Re: [systemd-devel] Antw: [EXT] Infinite loop at startup on var fsck failure

2020-03-31 Thread Lennart Poettering
On Mi, 26.02.20 10:39, Michael Biebl (mbi...@gmail.com) wrote:

> Am Mi., 26. Feb. 2020 um 10:13 Uhr schrieb Ulrich Windl
> :
> >
> > >>> Vito Caputo  schrieb am 25.02.2020 um 01:01 in
> > Nachricht
> > <7343_1582589314_5e546582_7343_4690_1_20200225000143.nowls5peec5sx...@shells.gnu
> >
> > eneration.com>:
> > > Hello list,
> > >
> > > Today I experienced an unclean shutdown due to battery dying unexpectedly,
> > > and it left my /var in a state requiring a manual fsck to repair errors.
> >
> > I wonder: Shouldn't be a fsck just be a journal reply these days? For ext 
> > >=3
> > this should be quite fast. ReiserFS was rather slow several years ago (it 
> > did
> > replay too much IMHO), but haven't used it the last five years.
> >
> > >
> > > The normal startup process failed and dropped me to a rescue shell after
> > > asking for my root password.  But I was unable to immediately run fsck
> > > manually, because systemd was endlessly trying to fsck /var.
> >
> > That's not a problem of fsck.
>
>
> I suspect that the real problem is, that fsck failed to fix the file
> system, so as a result, systemd tried repeatedly to start the fsck job
> for /var as var.mount was pulled in as a dependency (e.g. for
> journald).

The question is: why *repeatedly* though? i.e. why does it keep doing
that if nothing else happens? journald should not trigger that all the
time...

Also, there's actually a safety condition in place, the start limit
logic: after a service has been attempted to be started too often
within a time window we refuse starting it again...

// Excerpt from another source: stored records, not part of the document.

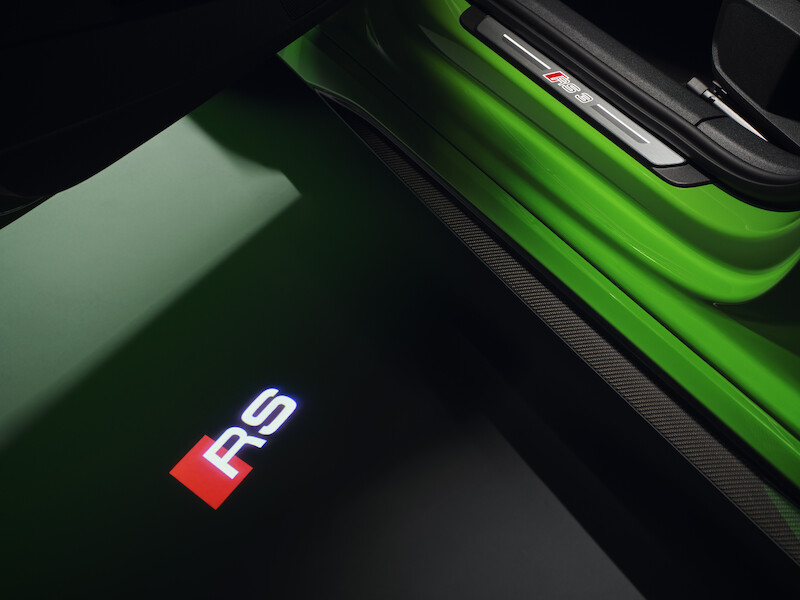 Precyzja dynamiki poprzecznej: krzywa osiągów Audi RS 3
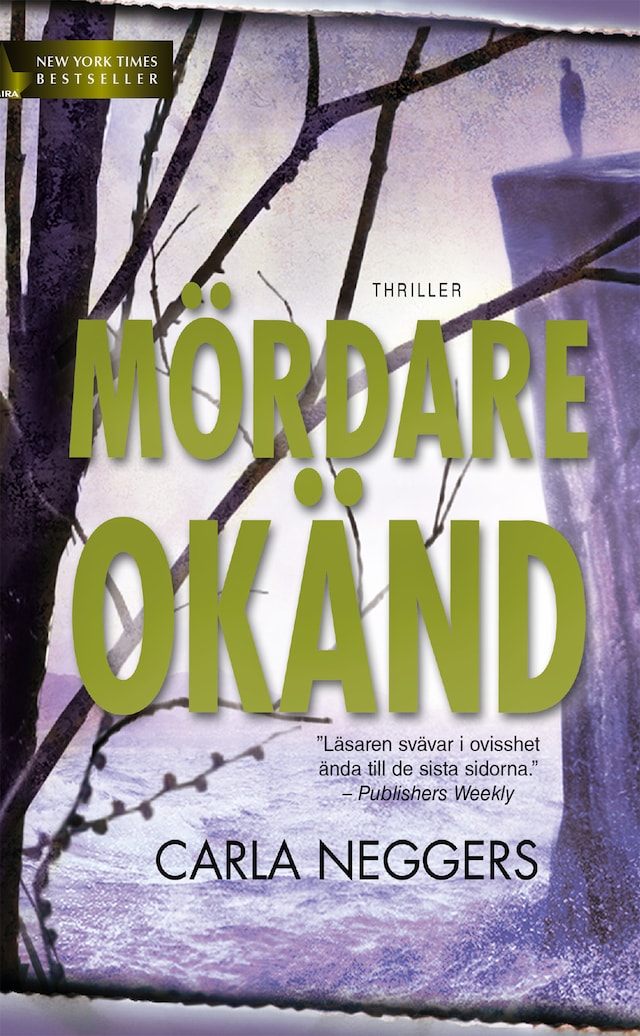 Couverture de livre pour Mördare okänd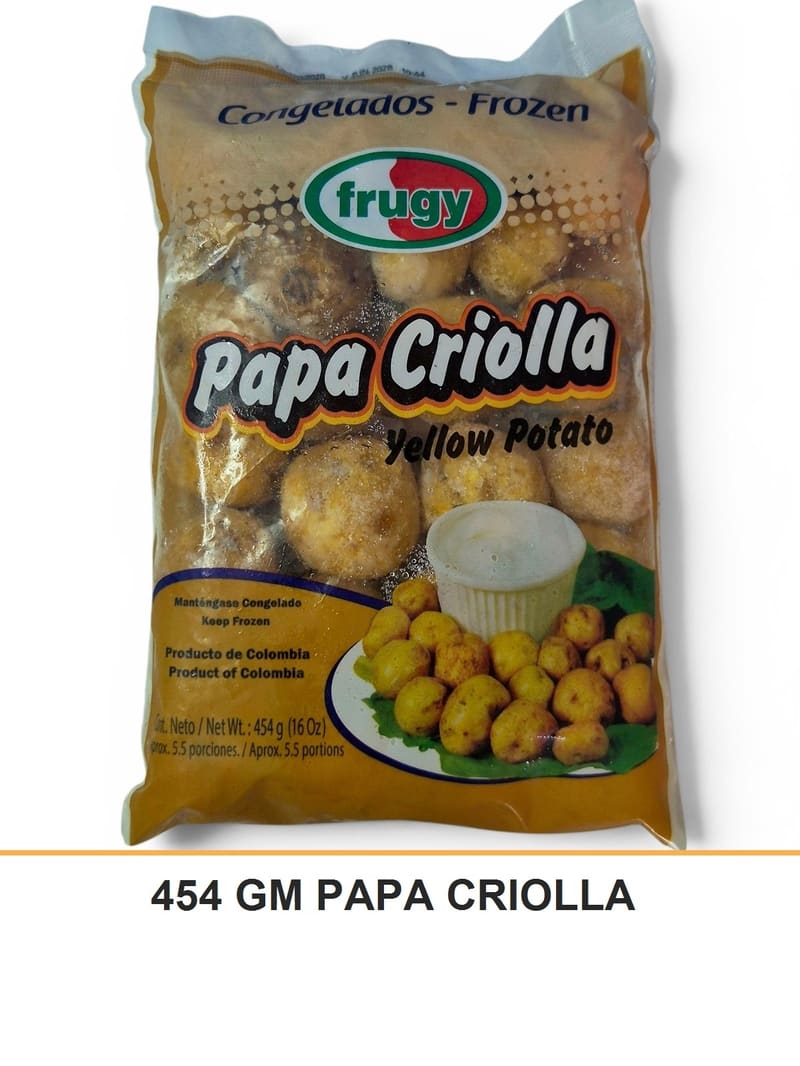 454 GM PAPA CRIOLLA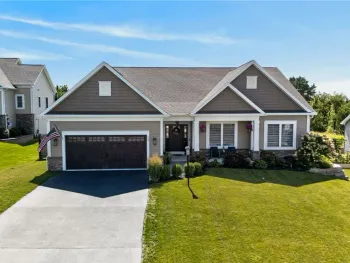 Property at 11 Black Wood Cir, Pittsford, NY 14534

So I am a bit puzzled about this. Some logs would be great to have
about this...

Lennart

--
Lennart Poettering, Berlin
___
systemd-devel mailing list
systemd-devel@lists.freedesktop.org
https://lists.freedesktop.org/mailman/listinfo/systemd-devel


Re: [systemd-devel] Antw: [EXT] Infinite loop at startup on var fsck failure

2020-02-26 Thread Vito Caputo
On Wed, Feb 26, 2020 at 10:39:50AM +0100, Michael Biebl wrote:
> Am Mi., 26. Feb. 2020 um 10:13 Uhr schrieb Ulrich Windl
> :
> >
> > >>> Vito Caputo  schrieb am 25.02.2020 um 01:01 in
> > Nachricht
> > <7343_1582589314_5e546582_7343_4690_1_20200225000143.nowls5peec5sx...@shells.gnu
> >
> > eneration.com>:
> > > Hello list,
> > >
> > > Today I experienced an unclean shutdown due to battery dying unexpectedly,
> > > and it left my /var in a state requiring a manual fsck to repair errors.
> >
> > I wonder: Shouldn't be a fsck just be a journal reply these days? For ext 
> > >=3
> > this should be quite fast. ReiserFS was rather slow several years ago (it 
> > did
> > replay too much IMHO), but haven't used it the last five years.
> >
> > >
> > > The normal startup process failed and dropped me to a rescue shell after
> > > asking for my root password.  But I was unable to immediately run fsck
> > > manually, because systemd was endlessly trying to fsck /var.
> >
> > That's not a problem of fsck.
> 
> 
> I suspect that the real problem is, that fsck failed to fix the file
> system, so as a result, systemd tried repeatedly to start the fsck job
> for /var as var.mount was pulled in as a dependency (e.g. for
> journald).

That's what seemed to be occurring, ad infinitum.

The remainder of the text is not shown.